«God Save Wonderwall»: l’Inghilterra ha un nuovo inno, ed è degli Oasis

Ubriachi. Di gioia. Ma non solo. Le braccia al cielo. Le maglie intrise di sudore e di birra. Riavvolgiamo il nastro: l’Inghilterra ha appena battuto la Croazia, nel catino di Dallas, e dagli spalti si leva un coro. Anzi, un inno. Cantano tutti. Nessuno escluso. «And after all…». I giocatori, in campo, si uniscono al rito collettivo. Nasce il sentimento, direbbe Lucio Battisti. E che sentimento.

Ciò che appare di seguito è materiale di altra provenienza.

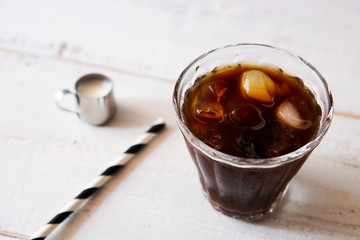 glass of iced coffee on white wooden table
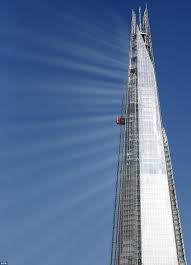 Shard Of Light London S 1 000ft Tower Becomes A Dazzling Beacon As Rays Of Sunshine Reflect Off Its Glass Surface The Shard London Renzo Piano The Shard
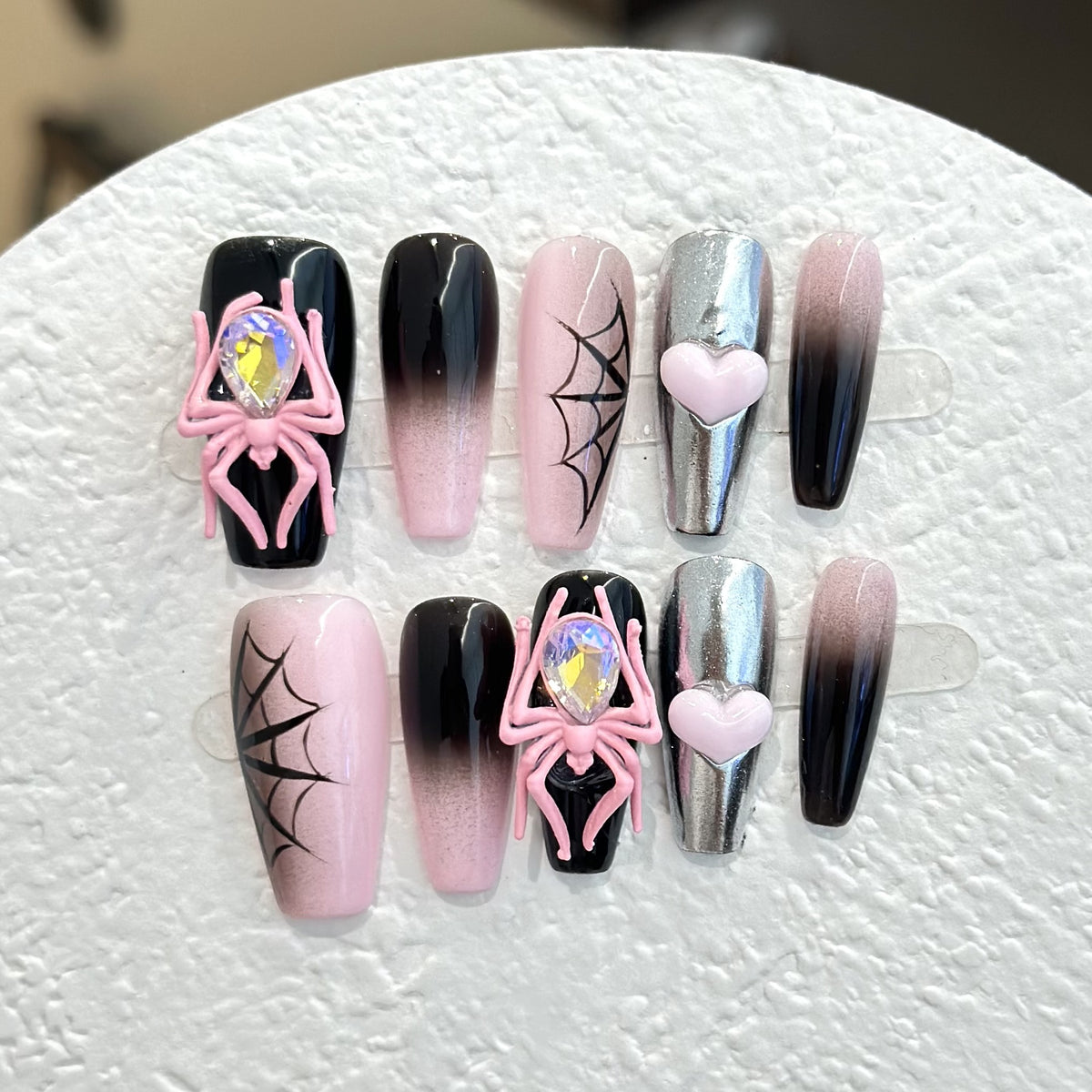 Black & Pink Spider press-on nails — full set in 12 sizes, laid out flat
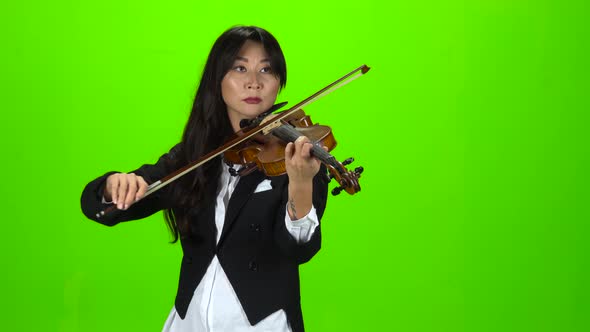 Musician Standing and Playing the Violin. Green Screen alt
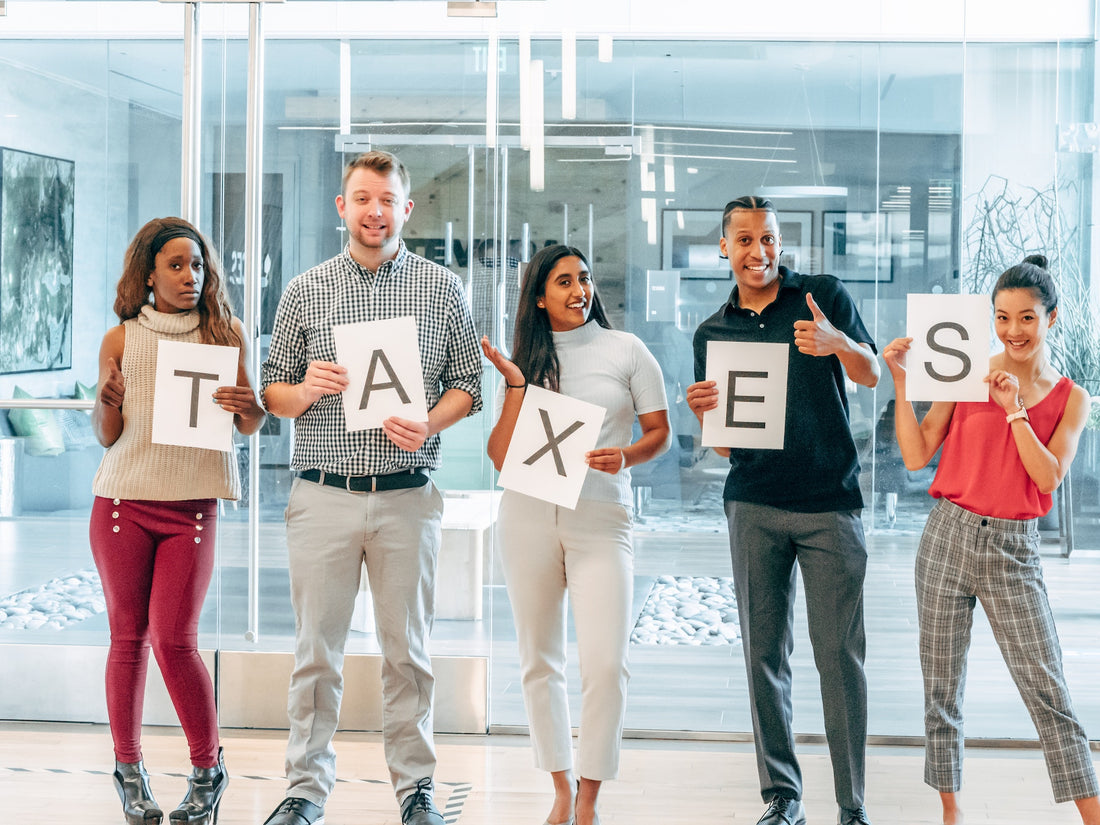 A group of people standing in a line holding up letters that spell "taxes"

L’onda lunga della reunion degli Oasis, consumatasi nel 2025 dopo sedici, lunghi anni di attesa fra litigi, lotte intestine, indiscrezioni e faide che parevano non avere mai fine, ha toccato i Mondiali di calcio. Logico, considerando il rapporto stretto, anzi strettissimo fra Liam e Noel Gallagher e il calcio. E considerando che, per dirne una e rimanendo a Inghilterra contro Croazia, dalle casse del tentacolare Luzhniki di Mosca, nel 2018, al termine della sfortunata semifinale contro i balcanici dalle casse spararono a tutto volume Don’t Look Back In Anger. I tifosi inglesi cantarono a squarciagola, quasi a voler scacciare l’ennesima delusione o, meglio, con cristiana rassegnazione.
A questo giro, la colonna sonora dei Tre Leoni è Wonderwall. Un altro inno, appunto, con frasi che, lette in un contesto calcistico, sembrano suggerire che l’impresa, sessant’anni dopo la Coppa del Mondo vinta in casa, potrebbe davvero essere a portata di mano. Non più «it’s coming home», pensando alle ultime edizioni di Europei e Mondiali, ma «today it’s gonna be the day». Proprio Kane, eroe sfortunato nel 2018 in Russia, nel vedere migliaia e migliaia di connazionali cantare è parso visibilmente commosso. D’altro canto, agli occhi dei tifosi è lui – e soltanto lui – «the one that saves me», a maggior ragione ora che ha imparato a giocare a tutto campo grazie al Bayern Monaco.
Nel lasciare Heaton Park, Manchester, al termine del concerto degli Oasis, lo scorso anno scrivevamo che questa band e queste canzoni sono una questione di identità, appartenenza, fede anche. Lo stesso Kane, nel commentare quanto accaduto a margine della partita contro la Croazia, ha parlato della connessione, speciale, con i tifosi e di quanto sia stato unico cantare tutti insieme Wonderwall. Di quanto, insomma, gli Oasis fungano e possano fungere da collante per questa nazionale e questa nazione, mai come negli ultimi anni e in particolare negli ultimi mesi divisa. Per fortuna, c’è ancora un Paese che sa stringersi attorno a un pallone che rotola. E a versi che, solo a sussurrarli, mettono i brividi. Figuriamoci a cantarli in uno stadio.